__Task statement__
Your copy should start at the line with "いすゞフォワードアルミバン中型（4t）[写真05]" and end at the line with "1, Northcote, 86" in the data below. Transcribe only those lines, exactly, pictures excluded.

__Records shown__
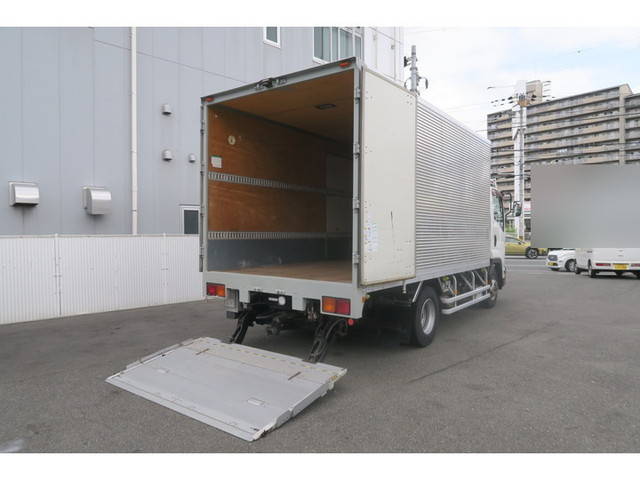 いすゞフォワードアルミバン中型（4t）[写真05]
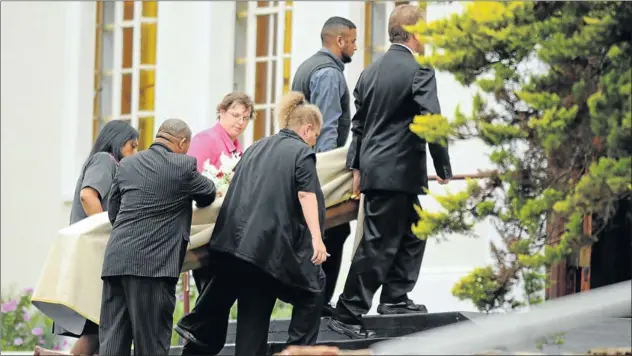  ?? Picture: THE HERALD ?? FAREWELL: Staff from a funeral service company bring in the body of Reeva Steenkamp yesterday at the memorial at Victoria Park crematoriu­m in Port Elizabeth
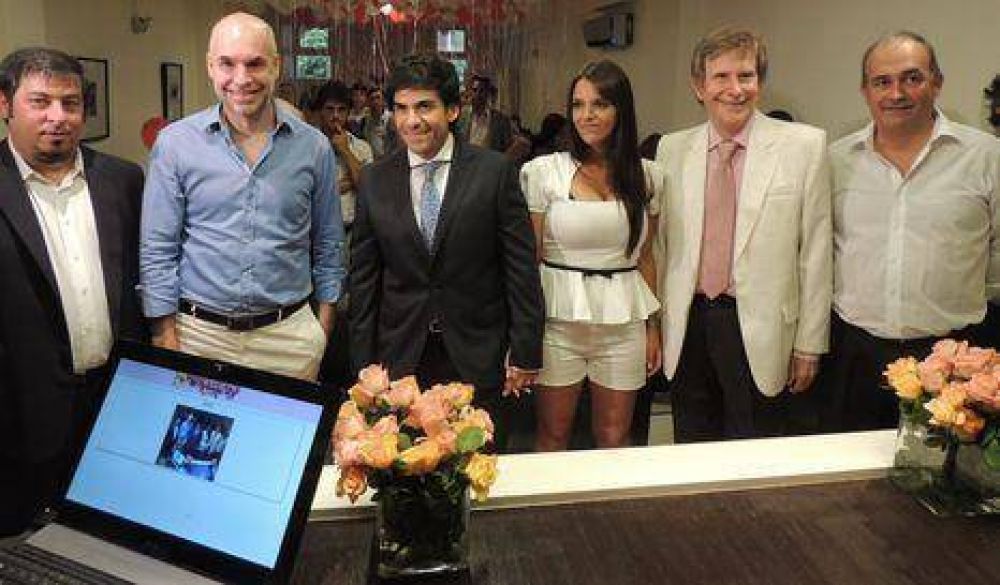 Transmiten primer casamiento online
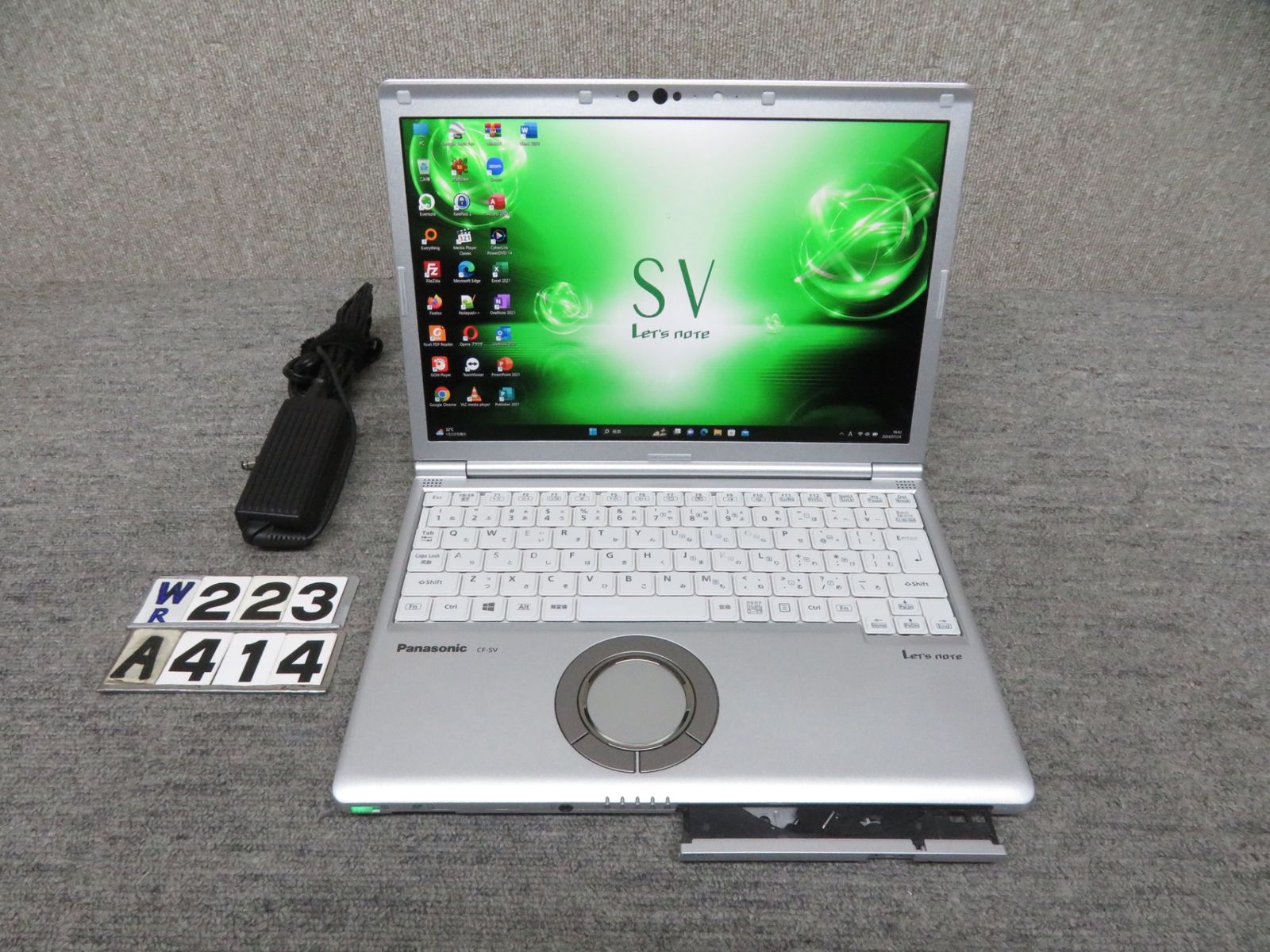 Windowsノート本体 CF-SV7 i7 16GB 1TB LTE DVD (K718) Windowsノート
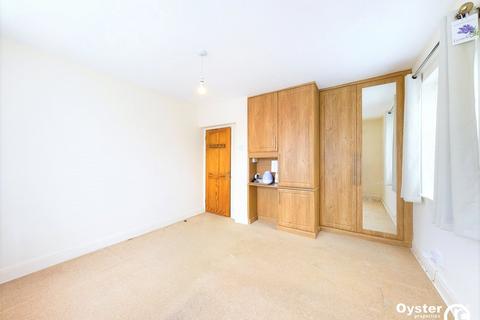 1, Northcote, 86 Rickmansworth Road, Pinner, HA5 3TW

* * *

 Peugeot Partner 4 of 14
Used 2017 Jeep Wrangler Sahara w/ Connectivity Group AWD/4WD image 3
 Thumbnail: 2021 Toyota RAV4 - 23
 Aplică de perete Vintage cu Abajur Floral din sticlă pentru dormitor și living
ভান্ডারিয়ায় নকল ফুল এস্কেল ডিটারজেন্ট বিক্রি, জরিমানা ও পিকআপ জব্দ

__Answer space__
 いすゞフォワードアルミバン中型（4t）[写真05]
  ?? Picture: THE HERALD ?? FAREWELL: Staff from a funeral service company bring in the body of Reeva Steenkamp yesterday at the memorial at Victoria Park crematoriu­m in Port Elizabeth
 Transmiten primer casamiento online
 Windowsノート本体 CF-SV7 i7 16GB 1TB LTE DVD (K718) Windowsノート
 1, Northcote, 86 Rickmansworth Road, Pinner, HA5 3TW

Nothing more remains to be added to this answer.